Home / Data centers by region / Chicago & Illinois
The Midwest's data-center capital runs on the nation's biggest nuclear fleet — and is now testing how much load even cheap, clean, always-on power can absorb.
Chicago is one of the eight primary U.S. data-center markets, and its anchor is Elk Grove Village — the "data center capital of the Midwest," a dense industrial cluster just west of O'Hare that holds a large share of the state's incentivized sites. But the newest and biggest projects are leaving the suburbs for open land with power: gigawatt-scale campuses in Joliet, Minooka, and DeKalb, chosen for interconnection capacity first and location second.

Two things made Chicago a magnet. First, power: Illinois generates more nuclear energy than any other state — 11 reactors producing roughly 54% of its electricity — giving data centers exactly the round-the-clock, low-carbon baseload they want.
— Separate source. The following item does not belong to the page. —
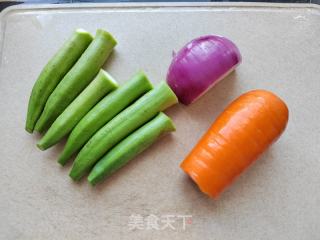 胡萝卜洋葱炒秋葵的做法步骤：1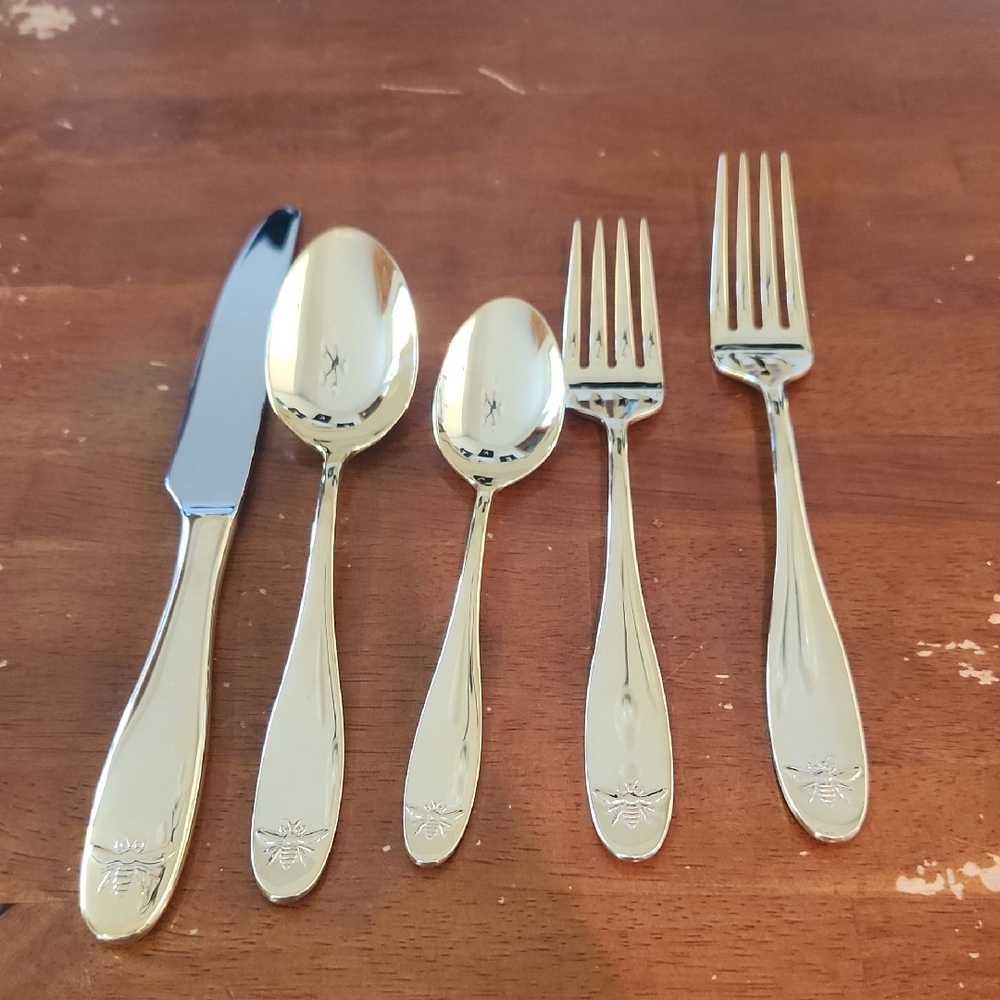 Towle Gold Flatware Set with Intricate Detailing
Second, policy: the 2019 Data Center Investment Program offered up to 20 years of sales-tax exemptions for projects investing $250M+, pulling in over $15.8 billion in commitments.
Now the model is straining. Rapid load growth and rising electricity bills have turned data centers into a political issue: the governor has proposed a two-year pause on the tax incentives starting mid-2026, and grid operators are flagging capacity pressure. Even a nuclear-rich grid, it turns out, has a ceiling on how fast it can absorb gigawatt loads.
Chicago is the test of whether abundant clean power plus aggressive incentives can outrun the same forces squeezing every other market — interconnection queues, transmission limits, and public pushback on cost. How Illinois resolves the incentive fight is a leading signal for how other states will manage the buildout. It's the local face of a national grid bottleneck.